韓国史上初の「メガネアナ」、今度は朝のニュースで「ノーブラ・チャレンジ」
ブラは女性抑圧の象徴?
さて、これまでにも、女性がブラジャーを使って抗議した事例は数多くあった。始まりは、1968年にアメリカで行われた「ミスアメリカ大会」反対運動。200人ほど集まった女性を中心としたデモ隊は、デモンストレーションとして「Freedom Trash Can(自由のゴミ箱)」を用意し、そこへ女性の象徴であるとされるスカートやつけまつげ、下着を投げ捨てた。さらにブラジャーを集め、そこで焼いてみせ、女性の性の商品化ともいえるミスコン開催に抗議したのだ。
その頃から、ブラジャーは女性の体を締め付けるコルセットと同様に、下着でありながら女性への抑制を象徴するものとして度々取り上げられてきた。最近でいえば、昨年6月にスイスで行われた「男女平等賃金とセクハラ撲滅を求めるデモ」では、数千人にも上る女性が集まり道路を1日封鎖するデモが行われたが、そこでもデモ隊によって路上でブラが焼かれるパフォーマンスが敢行されている。
今回、イム・ヒョンジュさんがノーブラにチャレンジしたのは、大々的な男女差別や雇用均等を掲げて行ったわけではない。むしろ眼鏡をかけて出演したときと同様、「自分の体は自分のものだ。なぜ女性という理由だけで好きなように着脱の選択ができないのか?」というささやかな疑問をただ実行しただけだ。

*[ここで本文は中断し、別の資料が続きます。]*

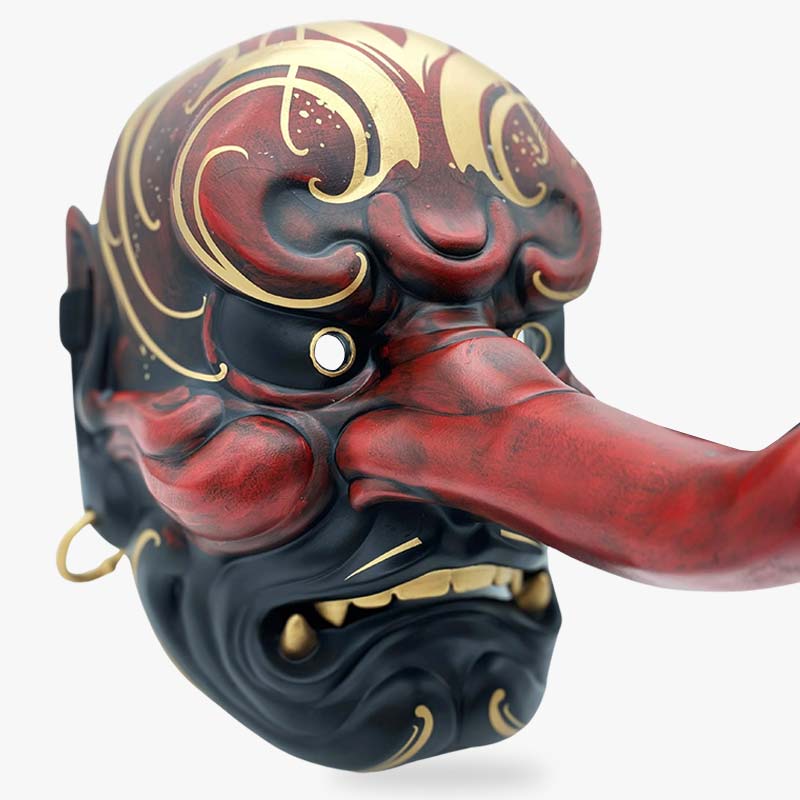 Masque Oni japonais rouge et or au nez proéminent, inspiré du folklore traditionnel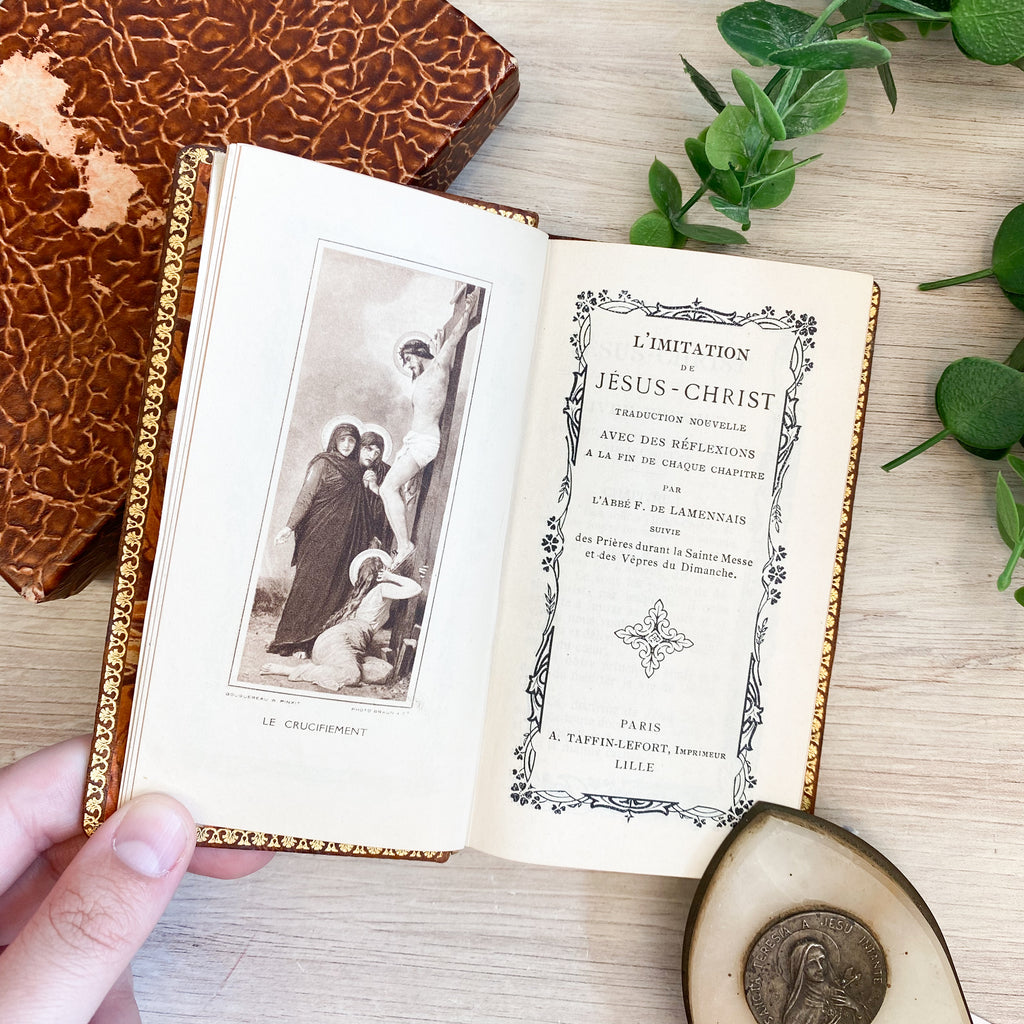 Antique French 1913 Missal small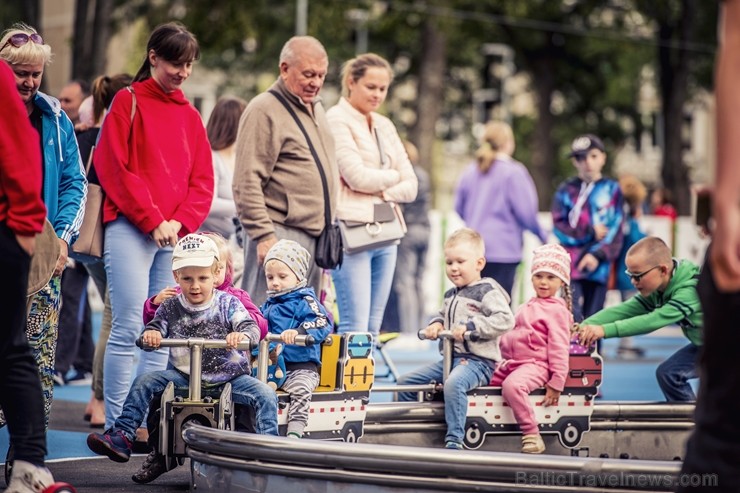 Ar vērienīgu svētku programmu, ekstrēmo sporta veidu paraugdemonstrējumiem un īpaši lielu svētku torti Rīgā atklāj Imantas sporta centru Ar vērienīgu svētku programmu, ekstrēmo sporta veidu paraugdemonstrējumiem un īpaši lielu svētku torti Rīgā atklāj Imantas sporta centru 258363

しかし、ノーブラでの生放送出演が世間に知られるようになると、ネット上で「ブラはするもしないも女性個人の自由」という意見と「目のやり場に困る、相手が困ることも考えろ。社会的マナーだ」という意見が対立。イム・ヒョンジュさんに向けられた誹謗中傷の書き込みは未だ続いている。
自殺したソルリさんもノーブラでバッシング
韓国では、誹謗中傷による有名人へのダメージについて度々問題視されてきたが、昨年10月に亡くなったアイドルグループ f(x) の元メンバーであるソルリさんの自殺が記憶に新しい。彼女も、自身のSNSにブラジャーを付けない姿を何度か投稿し、ひどい誹謗中傷を書き込まれていた。他にも様々な批判が浴びせられ、鬱状態にまで追いこみ、最終的には彼女は自ら命を絶つ結果となってしまった。
イム・ヒョンジュさんは、インタビューなどで「(悪質な書き込みについて)気にしていない」と語っていたが、あまりのひどさに法的措置も辞さないと発表せざるを得ない状態になった。アンチコメントを今まさに書こうとしている人は、いったん手を止めて、そのひと言がきっかけで彼女を追いこんでしまうかもしれないことを考え直してほしい。